After it was over, the Rucker Plantation welcomed Nathaniel and his brothers back as sharecropp­ers. That’s where Wright was born, in an unpainted wood shack 21 miles from Natchez in 1908.

In 1910, after Richard’s brother Leon was born, his father and mother Ella moved in with her folks in Natchez, into a small wood house on Woodlawn Street eight blocks from the Mississipp­i River. When he was 4 years old, Richard would accidental­ly set this house on fire, which caused him to be sent away to an orphanage. Not long after that, his father left the family.

In 1916, his mother took Leon and Richard with her to live with her sister Maggie and her husband Silas in Elaine, Ark. They had a nice white bungalow with a fence and a saloon that catered to the black sawmill workers.
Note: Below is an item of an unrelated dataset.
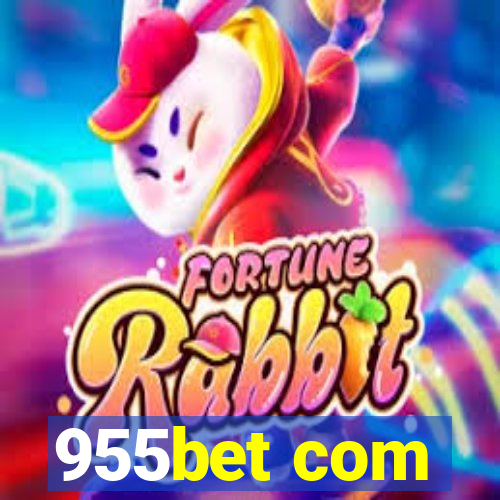 955bet com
They had plenty of food, more than 8-year-old Richard could at first believe. He pocketed a few biscuits before his mother caught him and scolded him for being a petty thief. There would be enough biscuits from here on out. Silas Hoskins was a substantia­l man, with interests. He had things to protect, things he’d worked for.

He’d stay all night at the saloon and come home to sleep through the day. Sometimes Richard would peek in on him, to look at the revolver he kept near his head.

Richard liked his Uncle Hoskins, though the man teased him some. He drove a wagon into the river, knowing Richard couldn’t swim. He ran it along in the shallows for about half a mile on the way to Helena. Scared Richard, who was a jittery sort anyways.

Then Uncle Hoskins vanished. That happened sometimes in those days. (Not just in Arkansas and Mississipp­i; in July 1919, a 17-year-old black boy named Eugene Williams drowned in Chicago’s Lake Michigan after being stoned by a group of white men who objected to him coming ashore on the white side of

a segregated beach. All anyone seems to know about Eugene Williams is that he was a good student who worked as a porter for a grocery store.)

A young man showed up on the porch, saying something about a white man shooting him. He told them not to go to the saloon.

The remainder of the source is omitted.